三 海洋放出を開始してから、中国は日本産水産物の全面禁輸を発表した。中国と香港は毎年合わせて十一億ドル(約千六百億円)相当の水産物を日本から輸入していることを鑑みると、我が国の水産物市場に甚大な影響が及んでいる。
 十一月十六日、岸田首相は中国の習近平国家主席と会談し、日本産水産物の輸入停止措置の即時撤廃を要求した。会談では、対話を通じた解決が中国側から示されたものの、海洋放出への懸念がここでも指摘された。
 1 本来であれば、放出前に説明がなされ、このような事態になることがないようにすべきではなかったか。

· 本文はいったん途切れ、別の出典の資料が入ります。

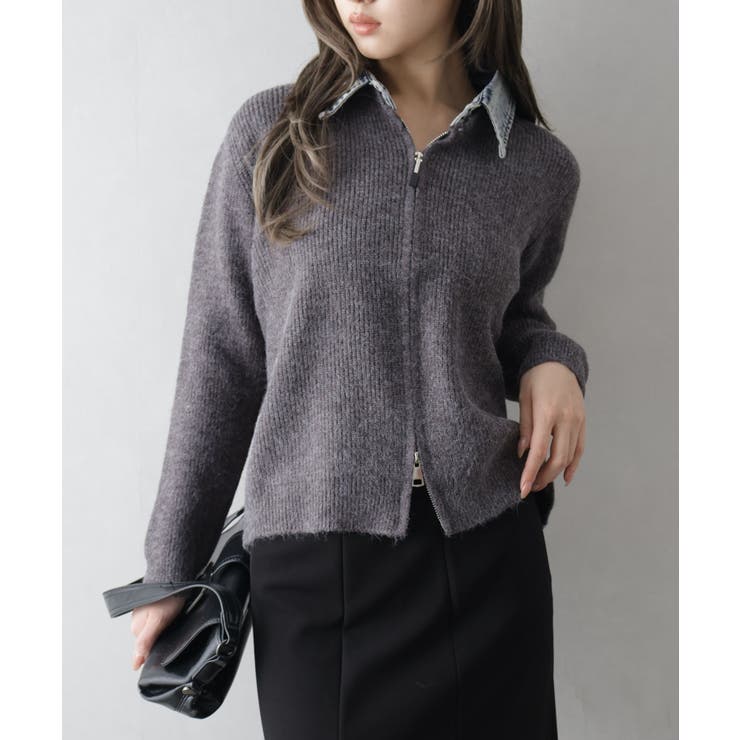 デニム衿ジップニットカーディガン | SpRay | 詳細画像50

どのような会議体・部署(省庁)が中国と意見交換をしたのか、また放出後はどのような説明を中国にしたのか。

 

三の1について

 お尋ねについては、政府としては、御指摘の「放出前」及び「放出後」のいずれにおいても一貫して、様々なレベルにおいて、また、様々な機会を通じて、中国に対し、海洋放出について、科学的根拠に基づき丁寧に説明してきており、また、日本産の食品に対する中国による科学的根拠のない輸入規制措置については、その即時撤廃を強く求めてきているところである。同国とのやり取りの具体的な内容等については、相手国との関係もあり、お答えすることは差し控えたい。

 

 2 今後、どのような形で中国政府と本件にかかる検証と対話の場に臨むのか。また会議体などを設置する予定があるのか。


三の2について
 お尋ねについては、令和五年十一月十六日(現地時間)にサンフランシスコで行われた日中首脳会談において「双方は、お互いの立場に隔たりがあると認識しながら、建設的な態度をもって協議と対話を通じて問題を解決する方法を見い出していくこと」で一致したところであり、これを踏まえ、政府として、引き続き、中国に対し、海洋放出に対する科学的根拠に基づく冷静な対応及び日本産の食品に対する中国による科学的根拠のない輸入規制措置の即時撤廃を強く求めていく考えである。同国とのやり取りの具体的な内容等については、相手国との関係もあり、お答えすることは差し控えたい。